Dataset content Start Marker
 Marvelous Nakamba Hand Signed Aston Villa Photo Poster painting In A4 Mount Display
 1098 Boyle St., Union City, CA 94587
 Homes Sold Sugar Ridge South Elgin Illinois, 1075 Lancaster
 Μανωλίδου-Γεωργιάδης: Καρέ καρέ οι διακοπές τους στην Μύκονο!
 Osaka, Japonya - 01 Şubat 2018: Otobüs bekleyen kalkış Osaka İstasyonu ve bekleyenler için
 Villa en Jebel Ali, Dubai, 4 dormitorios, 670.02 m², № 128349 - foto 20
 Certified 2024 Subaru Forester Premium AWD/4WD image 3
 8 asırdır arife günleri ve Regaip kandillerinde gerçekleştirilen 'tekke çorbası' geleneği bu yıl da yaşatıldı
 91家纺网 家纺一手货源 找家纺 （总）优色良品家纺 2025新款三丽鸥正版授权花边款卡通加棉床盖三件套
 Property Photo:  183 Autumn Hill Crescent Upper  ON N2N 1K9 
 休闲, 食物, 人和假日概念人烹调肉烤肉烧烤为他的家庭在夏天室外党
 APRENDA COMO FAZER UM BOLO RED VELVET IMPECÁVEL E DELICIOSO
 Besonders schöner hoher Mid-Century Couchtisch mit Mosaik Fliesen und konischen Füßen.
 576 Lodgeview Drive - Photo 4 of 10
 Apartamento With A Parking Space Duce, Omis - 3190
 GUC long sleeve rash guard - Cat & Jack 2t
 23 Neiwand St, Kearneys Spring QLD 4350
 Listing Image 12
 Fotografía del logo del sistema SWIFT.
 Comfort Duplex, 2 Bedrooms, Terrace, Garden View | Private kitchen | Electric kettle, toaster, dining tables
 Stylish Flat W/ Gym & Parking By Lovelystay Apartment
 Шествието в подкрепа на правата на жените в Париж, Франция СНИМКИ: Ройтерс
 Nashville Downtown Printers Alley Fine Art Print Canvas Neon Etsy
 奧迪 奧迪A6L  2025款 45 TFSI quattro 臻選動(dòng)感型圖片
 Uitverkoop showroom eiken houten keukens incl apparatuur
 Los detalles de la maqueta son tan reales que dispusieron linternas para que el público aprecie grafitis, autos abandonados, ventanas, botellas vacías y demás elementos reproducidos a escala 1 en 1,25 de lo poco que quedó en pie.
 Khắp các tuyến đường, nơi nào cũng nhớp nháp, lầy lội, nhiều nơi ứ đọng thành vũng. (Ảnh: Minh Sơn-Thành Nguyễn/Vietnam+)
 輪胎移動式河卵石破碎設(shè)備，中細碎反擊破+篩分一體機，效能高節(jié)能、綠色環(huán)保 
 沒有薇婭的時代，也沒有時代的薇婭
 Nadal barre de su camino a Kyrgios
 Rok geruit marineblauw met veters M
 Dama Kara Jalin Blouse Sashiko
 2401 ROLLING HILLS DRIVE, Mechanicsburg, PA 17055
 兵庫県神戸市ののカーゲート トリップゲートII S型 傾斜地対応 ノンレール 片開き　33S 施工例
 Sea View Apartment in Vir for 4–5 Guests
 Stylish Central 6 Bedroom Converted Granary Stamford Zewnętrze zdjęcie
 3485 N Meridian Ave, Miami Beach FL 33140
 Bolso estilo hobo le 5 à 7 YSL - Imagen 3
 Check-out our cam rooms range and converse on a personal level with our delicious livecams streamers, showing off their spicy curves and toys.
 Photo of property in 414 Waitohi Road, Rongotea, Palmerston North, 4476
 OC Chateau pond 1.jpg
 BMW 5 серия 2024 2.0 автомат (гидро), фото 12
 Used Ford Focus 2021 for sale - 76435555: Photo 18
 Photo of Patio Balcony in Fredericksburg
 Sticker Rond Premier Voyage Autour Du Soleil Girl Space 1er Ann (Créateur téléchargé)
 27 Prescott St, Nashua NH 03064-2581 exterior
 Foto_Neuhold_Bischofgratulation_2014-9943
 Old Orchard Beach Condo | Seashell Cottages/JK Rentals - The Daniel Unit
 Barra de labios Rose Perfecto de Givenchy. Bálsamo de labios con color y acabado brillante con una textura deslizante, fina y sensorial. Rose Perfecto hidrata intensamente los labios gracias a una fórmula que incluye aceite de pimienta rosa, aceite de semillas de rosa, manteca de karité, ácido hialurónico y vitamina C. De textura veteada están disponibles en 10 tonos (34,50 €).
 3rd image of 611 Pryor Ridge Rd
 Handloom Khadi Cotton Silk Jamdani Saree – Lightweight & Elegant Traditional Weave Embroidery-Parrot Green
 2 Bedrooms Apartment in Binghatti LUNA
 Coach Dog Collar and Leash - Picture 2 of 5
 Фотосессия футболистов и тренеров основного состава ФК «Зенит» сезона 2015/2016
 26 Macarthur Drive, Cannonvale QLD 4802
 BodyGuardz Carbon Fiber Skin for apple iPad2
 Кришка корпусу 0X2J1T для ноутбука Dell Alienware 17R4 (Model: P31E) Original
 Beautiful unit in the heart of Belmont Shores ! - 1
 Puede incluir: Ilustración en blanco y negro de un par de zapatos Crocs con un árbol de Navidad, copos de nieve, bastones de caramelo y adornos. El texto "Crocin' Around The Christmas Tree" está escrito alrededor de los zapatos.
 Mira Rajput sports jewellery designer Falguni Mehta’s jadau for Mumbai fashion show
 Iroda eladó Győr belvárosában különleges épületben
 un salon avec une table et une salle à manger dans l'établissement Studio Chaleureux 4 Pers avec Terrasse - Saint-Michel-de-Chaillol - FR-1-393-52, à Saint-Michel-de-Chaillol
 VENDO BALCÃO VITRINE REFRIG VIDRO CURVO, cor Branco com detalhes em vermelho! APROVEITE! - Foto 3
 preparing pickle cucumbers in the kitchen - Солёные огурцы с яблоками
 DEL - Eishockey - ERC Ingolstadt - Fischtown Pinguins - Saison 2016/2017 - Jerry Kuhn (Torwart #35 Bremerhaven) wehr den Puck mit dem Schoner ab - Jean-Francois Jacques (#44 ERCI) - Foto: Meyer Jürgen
Dataset content End Marker
■ Directions:
Starting at the line that contains "OC Chateau pond 1.jpg", retype each line through the last one in the records, both included, and add nothing.

■ Result for this exercise:
 OC Chateau pond 1.jpg
 BMW 5 серия 2024 2.0 автомат (гидро), фото 12
 Used Ford Focus 2021 for sale - 76435555: Photo 18
 Photo of Patio Balcony in Fredericksburg
 Sticker Rond Premier Voyage Autour Du Soleil Girl Space 1er Ann (Créateur téléchargé)
 27 Prescott St, Nashua NH 03064-2581 exterior
 Foto_Neuhold_Bischofgratulation_2014-9943
 Old Orchard Beach Condo | Seashell Cottages/JK Rentals - The Daniel Unit
 Barra de labios Rose Perfecto de Givenchy. Bálsamo de labios con color y acabado brillante con una textura deslizante, fina y sensorial. Rose Perfecto hidrata intensamente los labios gracias a una fórmula que incluye aceite de pimienta rosa, aceite de semillas de rosa, manteca de karité, ácido hialurónico y vitamina C. De textura veteada están disponibles en 10 tonos (34,50 €).
 3rd image of 611 Pryor Ridge Rd
 Handloom Khadi Cotton Silk Jamdani Saree – Lightweight & Elegant Traditional Weave Embroidery-Parrot Green
 2 Bedrooms Apartment in Binghatti LUNA
 Coach Dog Collar and Leash - Picture 2 of 5
 Фотосессия футболистов и тренеров основного состава ФК «Зенит» сезона 2015/2016
 26 Macarthur Drive, Cannonvale QLD 4802
 BodyGuardz Carbon Fiber Skin for apple iPad2
 Кришка корпусу 0X2J1T для ноутбука Dell Alienware 17R4 (Model: P31E) Original
 Beautiful unit in the heart of Belmont Shores ! - 1
 Puede incluir: Ilustración en blanco y negro de un par de zapatos Crocs con un árbol de Navidad, copos de nieve, bastones de caramelo y adornos. El texto "Crocin' Around The Christmas Tree" está escrito alrededor de los zapatos.
 Mira Rajput sports jewellery designer Falguni Mehta’s jadau for Mumbai fashion show
 Iroda eladó Győr belvárosában különleges épületben
 un salon avec une table et une salle à manger dans l'établissement Studio Chaleureux 4 Pers avec Terrasse - Saint-Michel-de-Chaillol - FR-1-393-52, à Saint-Michel-de-Chaillol
 VENDO BALCÃO VITRINE REFRIG VIDRO CURVO, cor Branco com detalhes em vermelho! APROVEITE! - Foto 3
 preparing pickle cucumbers in the kitchen - Солёные огурцы с яблоками
 DEL - Eishockey - ERC Ingolstadt - Fischtown Pinguins - Saison 2016/2017 - Jerry Kuhn (Torwart #35 Bremerhaven) wehr den Puck mit dem Schoner ab - Jean-Francois Jacques (#44 ERCI) - Foto: Meyer Jürgen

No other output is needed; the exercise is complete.